葉擦れ、水の流れる音、聞いたこともない生き物の声が、耳を掠めた。


湿気を帯びた空気の中で、リースは静かに目を開いた。


「ん……う……」


 灰色の空はなかった。

黒く焼けた大地も、崩れた塔もない。


ぼやけた視界いっぱいに広がっていたのは、濃すぎるほどの緑だった。


「……どこだ? ここ……」


 リースはふらつく身体を支えきれず、その場に腰を下ろした。

湿った土の感触が、掌にじわりと伝わってくる。


「確か……脱出艇で地球(アース)から逃げて……それで、あの子のカプセルが光って……」


 そこから先の記憶は、ひどく曖昧だった。

白く弾けた視界。浮遊感。全身を引き裂かれるような衝撃。


「……気づいたら、ここにいて……」


 記憶を辿りながら、リースはふと周囲を見回した。

誰もいない。


「あ、あれ? ロキ? ベルス隊長?」


 返事はない。


「……あの子も、いない」


 リースは慌てて腕に取り付けられた因子測定機器へ目を落とす。

だが、表示はひび割れた画面の奥で乱れ、意味のある数値を示してはいなかった。


「……壊れてる」


 胸の奥が、嫌な音を立て沈む。

皆は、別のところに落ちたのだろうか。

それとも、飛ばされたのは自分だけで、皆はあの光線に——。


「い、いや、落ち着こう。とにかくみんなを探さないと」


 そう言いながら、リースは立ち上がる。

木々にぶつかったのか、体の節々が悲鳴を上げる。

それでもなんとか立ち上がり、リースは歩き出した。


 しばらく歩いていると、ここが果てしない緑であることに気づく。

見上げても、厚く重なった枝葉が空を隠している。

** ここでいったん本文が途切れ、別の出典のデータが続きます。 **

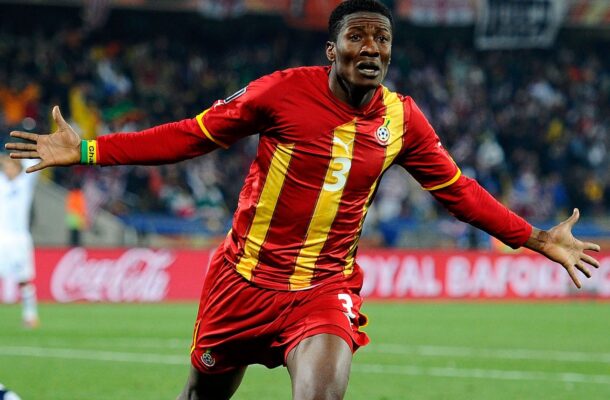 IMG_0745 | Ghanaguardian.com Soccer player in red and yellow stripes celebrating with arms outstretched on the field.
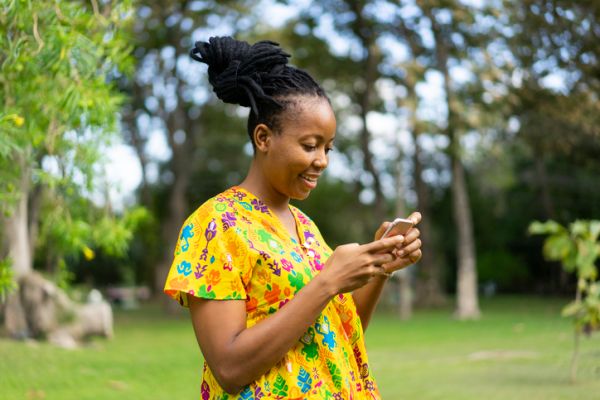 Beautiful african female feeling happy and use smartphone or cellphone with Green background and bokeh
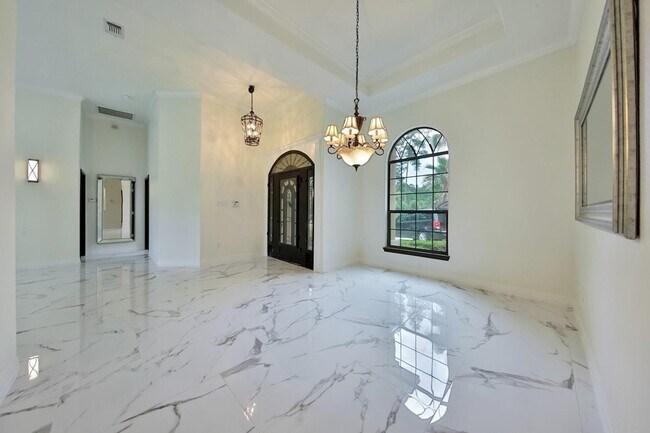 Building Photo - Beautiful Mediterranean Home In Gated Comm...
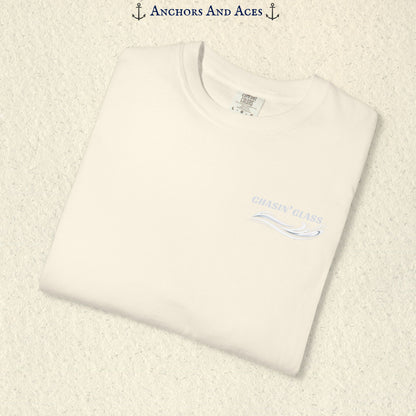 Folded Ivory Comfort Colors 1717 t-shirt showing the front left-chest Chasin' Glass logo, featuring white lettering above a stylized water-splash graphic.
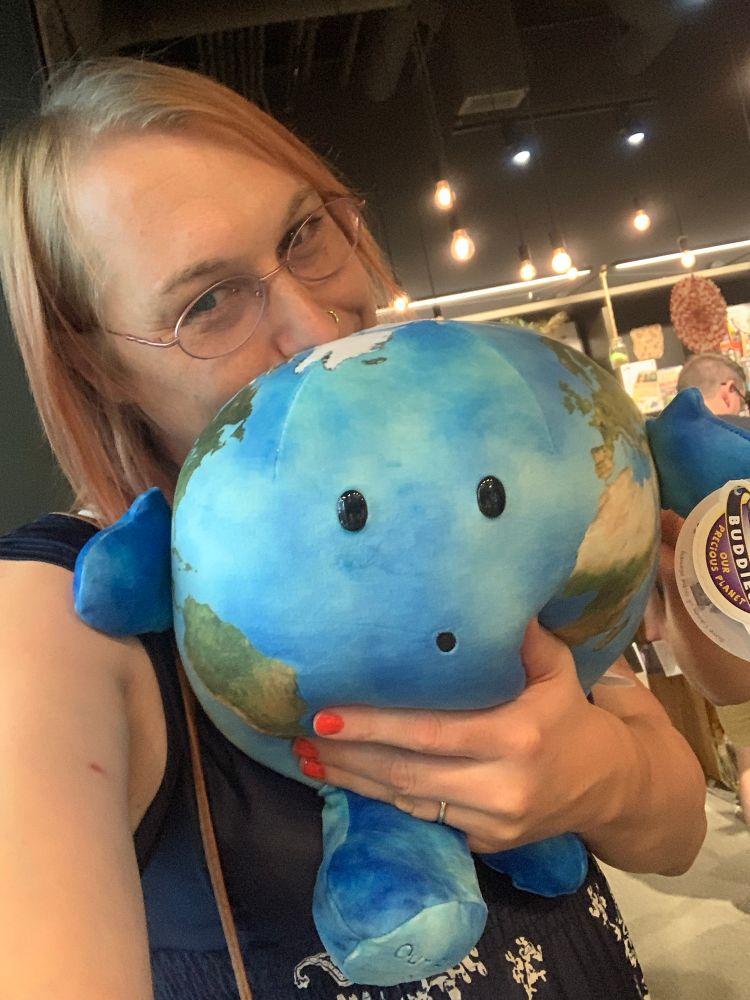Me hugging a big plushie Earth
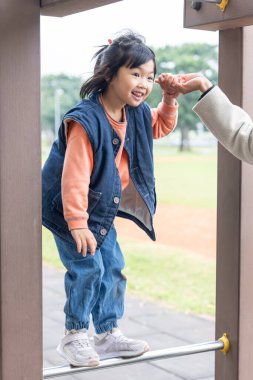 Tayvan 'ın Tayvan şehrindeki Datong Bölgesi' nde büyük bir parkta oynayan küçük bir Tayvanlı kızın çocuğu.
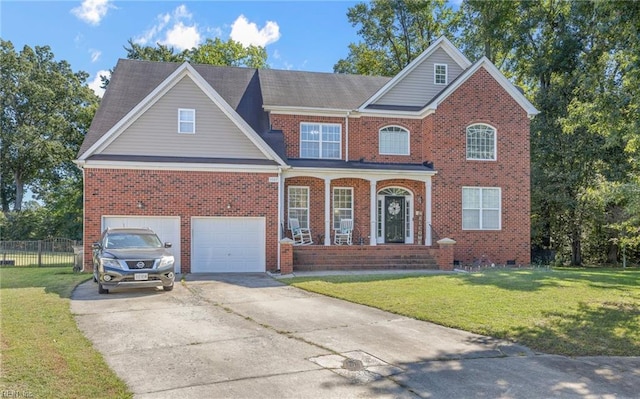 view of front of house featuring a porch, a garage, and a front lawn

人工物らしき影も、街の明かりも見えない。


「どこかの辺境星、とかなのかな……?」


 リースの呟きに答えるものはない。

ただ、葉の擦れる音だけが、胸の奥の不安を静かに煽っていた。

辺りには、見たこともない植物が並んでいた。


しかし、その中で一つ、見覚えのある光を見つける。


「ん? あの光……もしかして!」


 リースはすぐにその光に駆け寄る。

そこには、あのカプセルがあった。

地球で見た、あのカプセル、そしてあの少女。


「……よかった」


彼女が無事だったこと、それ以上に見知った人がそこにいたことに、リースは安堵した。


 リースが近づいていくと、カプセルの光が、呼応するように強まっていく。

リースは眩しさに目を細める。

それでも足を止めず、やがて、カプセルの側に膝をついた。

光でよく見えないが、彼女がまだ眠っていることはわかった。

しかし、息をしているのかどうかはわからない。


「どこかに状態を示す表示とか、ないかな?」


 そう言いながら淡く光る表面に手を伸ばした。

そのとき、光が水面の波紋のように広がり、ゆっくりと左右によけていく。

光の奥に、少女の顔が現れた。


「な、なんだ……?」


 リースは状況を把握しようとする。

しかし、それを遮るように、カプセルは小さな駆動音を鳴らし、ゆっくりと透明な障壁を開いていく。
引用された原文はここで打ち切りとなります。